INFORMATION SHOWN -
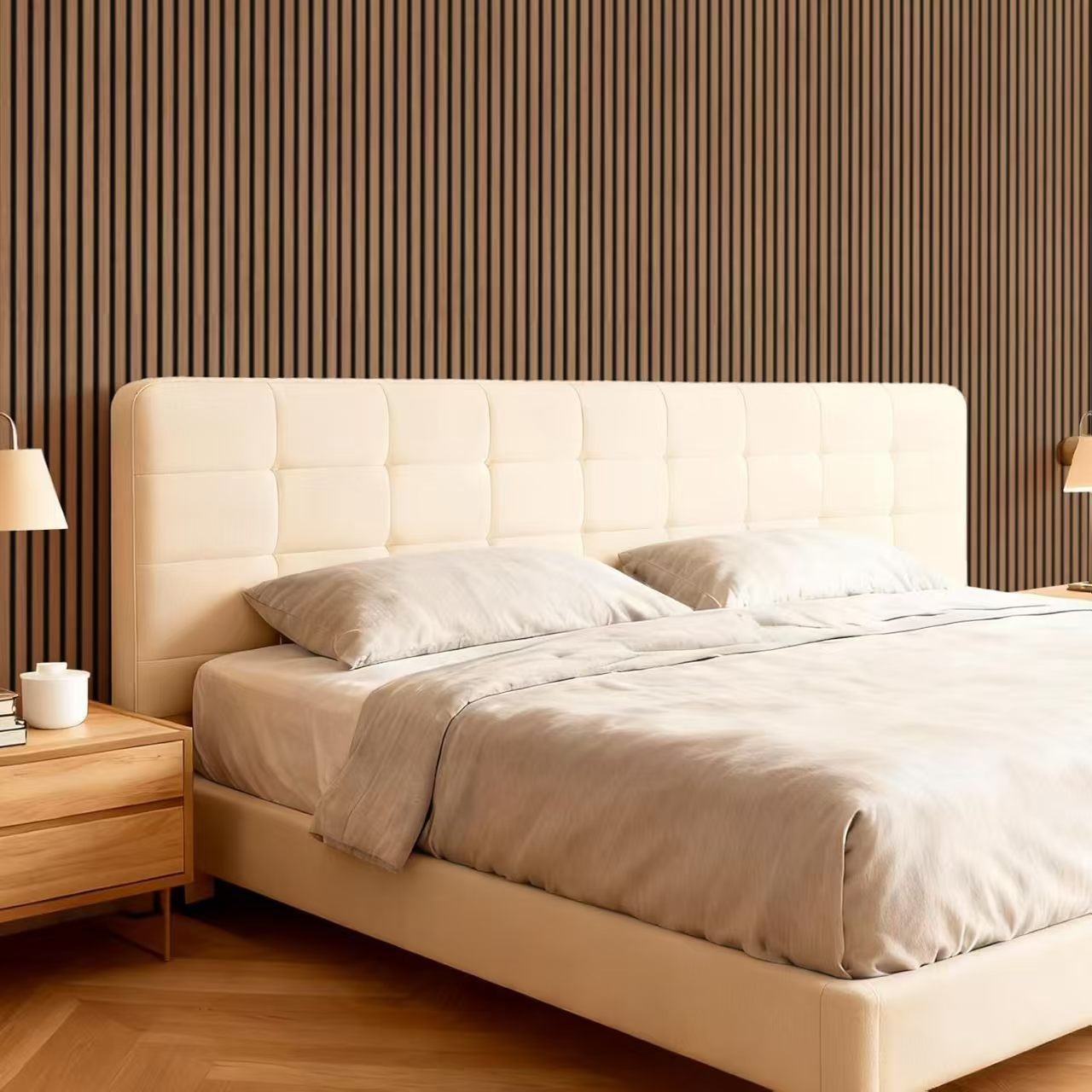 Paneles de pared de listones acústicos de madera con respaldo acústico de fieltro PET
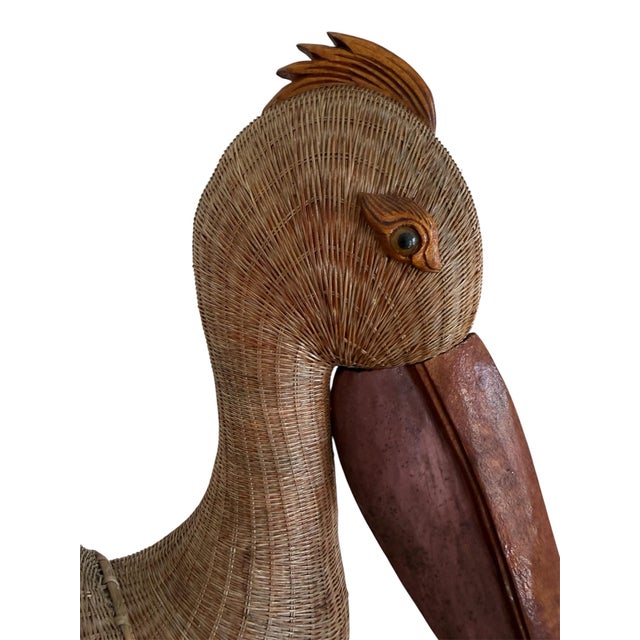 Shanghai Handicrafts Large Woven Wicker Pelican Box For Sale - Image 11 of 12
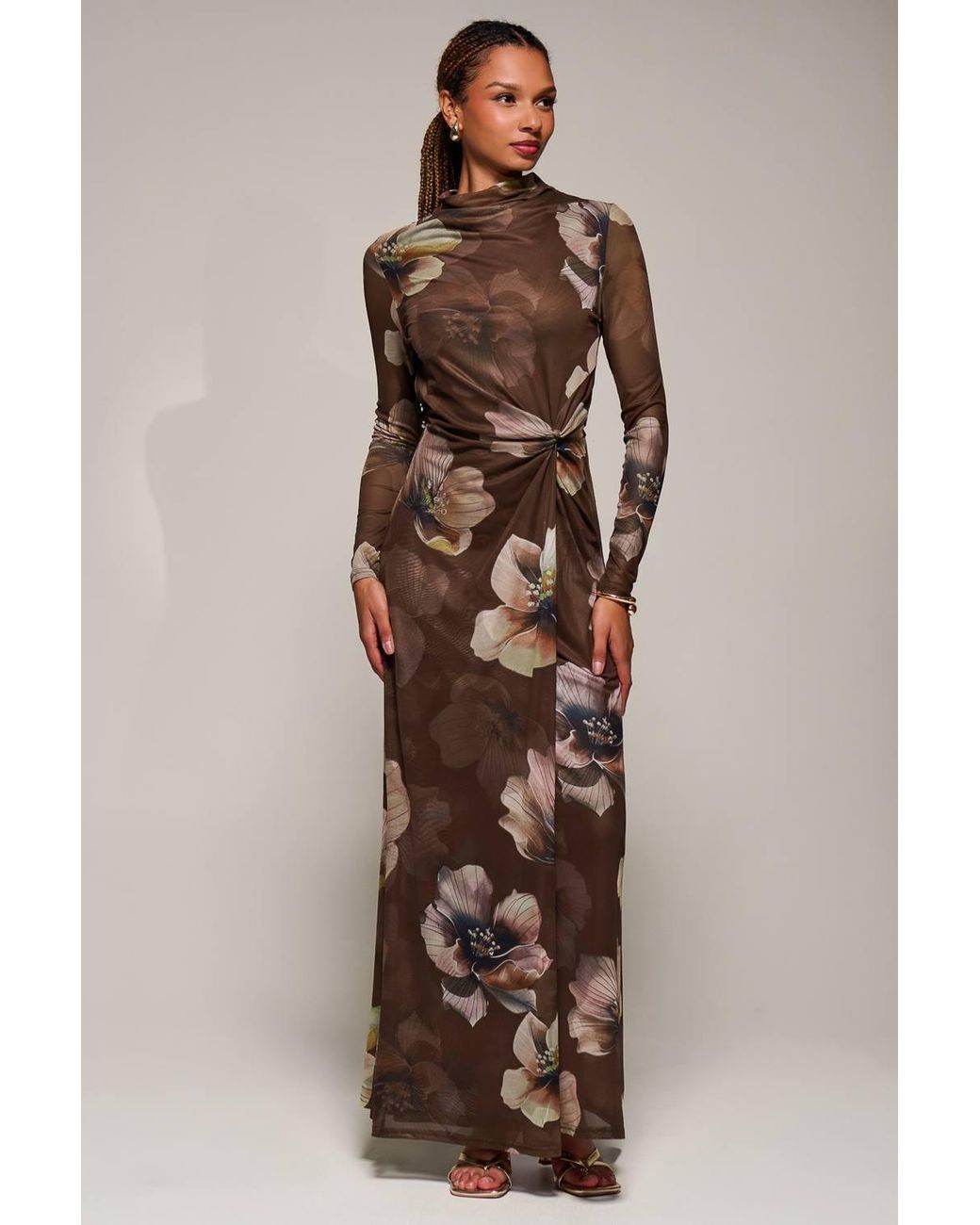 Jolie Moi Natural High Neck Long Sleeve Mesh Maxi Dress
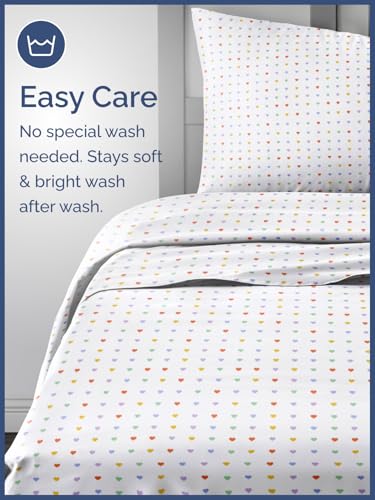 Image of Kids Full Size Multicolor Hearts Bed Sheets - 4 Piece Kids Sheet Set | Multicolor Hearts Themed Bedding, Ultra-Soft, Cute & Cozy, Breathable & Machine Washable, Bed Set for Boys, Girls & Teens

TASK DETAILS -
Any picture in the material is to be dropped; the rest is repeated exactly.

EXERCISE OUTPUT -
 Paneles de pared de listones acústicos de madera con respaldo acústico de fieltro PET
 Shanghai Handicrafts Large Woven Wicker Pelican Box For Sale - Image 11 of 12
 Jolie Moi Natural High Neck Long Sleeve Mesh Maxi Dress
 Image of Kids Full Size Multicolor Hearts Bed Sheets - 4 Piece Kids Sheet Set | Multicolor Hearts Themed Bedding, Ultra-Soft, Cute & Cozy, Breathable & Machine Washable, Bed Set for Boys, Girls & Teens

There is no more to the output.